ART UPFRONT

Though Boston Court is primarily known for bold and adventurous music and theatre, visual art has long been a manifestation of our mission. We seek to extend the themes of the performances into our lobby, where our rotating visual art exhibits often comment on those themes, and also explore the role of visual arts in a performing arts setting.

ART UPFRONT COORDINATOR
Eric Beal is an artist, muralist, and curator in Los Angeles. As a curator and art installer, Eric has helped shape art shows across Los Angeles and showcased artists virtually. As the co-founder of The Artscene, a contemporary art community, eric has interviewed artists, written, and podcast about contemporary art in Los Angeles, Tokyo, and Paris. In his art practice, eric utilizes stencils and spray paint to create symbolic representations through the layering of bold colors and shapes. His work has shown at various galleries, institutions, and fairs across the US and private collections abroad. His murals adorn businesses and walls in Los Angeles and Orange County.

ArtUpfront is made possible through generous support of Z. Clark Branson.

CURRENT EXHIBIT

Fraught/Fantastic


Alexandra Wiesenfeld

Alexandra Wiesenfeld is a Los Angeles Artist, whose work envisions our relationship to nature through the creation of “creature-beings and invented landscapes.” The vibrant patterns and pigments match the energies of rapidly evolving climates and our pursuits to adjust our ways of living. As internal angst matches the external, we reconnect with each other and nature to reform our bonds. 
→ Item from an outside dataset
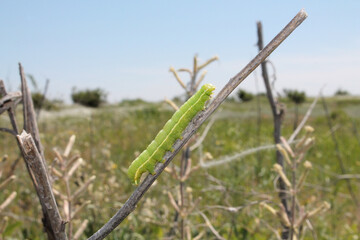 A green caterpillar on a branch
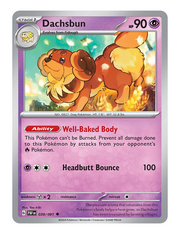 Dachsbun #039 - Paldean Fates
The works by Alexandra Wiesenfeld in Fraught/Fantastic reflect the conflict we hold in relation to both nature and our human emotional landscapes. Wiesenfeld’s pieces delve into the systems of this tension to create “order out of chaos.” The works reflect rocky turbulence, and suggest a hope of resolution through connection with the fantastical natural elements and ourselves. Through musing on how we feel as a part of nature and how we can resolve our understanding together, Wiesenfeld asks us to create a mutually beneficial paradigm with our ecosystem.


About the Artist


Alexandra Wiesenfeld

Instagram: https://www.instagram.com/alexandrawiesenfeld/ @alexandrawiesenfeld
Website:
https://alexandrawiesenfeld.com/

Alexandra Wiesenfeld’s work delves into the intricate relationships between humans and the natural world, exploring themes of climate grief, interconnectedness, and hope. Wiesenfeld paints both creature-beings and invented landscapes that operate as portraits of inner states, metaphorically describing energies of attraction and repulsion as systems form and disintegrate. Propelled by the question of how we feel the things we see, she aims to carve out a more holistic way of looking at nature by expanding her conception of possible ways of being.
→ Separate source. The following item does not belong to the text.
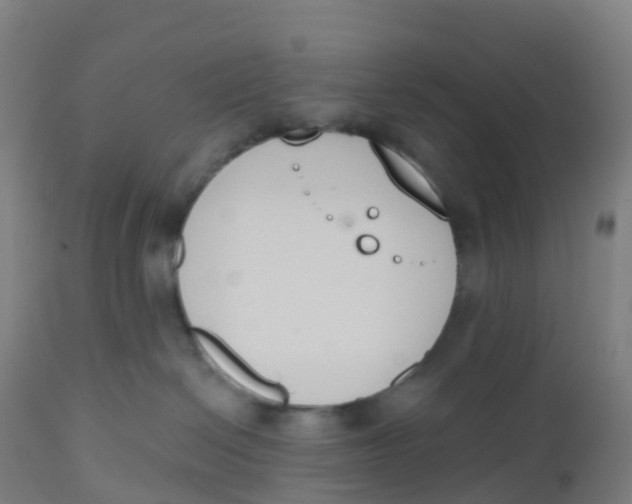 X0000112500286200909071252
In order to interrogate our own place in the natural environment, Wiesenfeld tells herself a story: In the far future a few surviving nomads navigate a world that is unmoored, dangerous, and awe-inspiring as nature takes back what is hers. They search for communication with the supernatural as they try to make sense of their role in a world without the trappings of manmade structures. The artist’s approach to painting mirrors this searching quality: through a process of layering and destroying, she finds some kind of order out of chaos.
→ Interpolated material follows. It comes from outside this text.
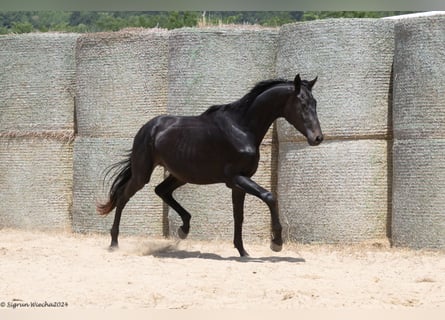 Trakehner, Stallone, 3 Anni, 170 cm, Baio nero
Alexandra Wiesenfeld is a German-born, Los Angeles based artist who has exhibited throughout the United States, Mexico, and in Europe. Her work delves into the intricate relationships between humans and the natural world, exploring themes of climate grief, interconnectedness, and hope. She was represented in Los Angeles by Happy Lion Gallery and Klowden Mann Gallery (2010-20), and has also shown at FOCA, Angles Gallery, C-May Gallery PRJTLA, and the Eagle Rock Cultural Center in Los Angeles, The Irvine Fine Arts Center, the Torrance Art Museum in California, the Dactyl Foundation in New York, the Roswell Museum of Art in New Mexico, the Missoula Museum of Art in Montana, Anton Gallery in Washington, DC, Kunst Karlshütte in Germany, Turps in London, and in art fairs in San Francisco, Miami, Dallas, London, Mexico City, and Stockholm. Her work is held in public and private collections nationally and internationally. She teaches painting and drawing at Los Angeles City College.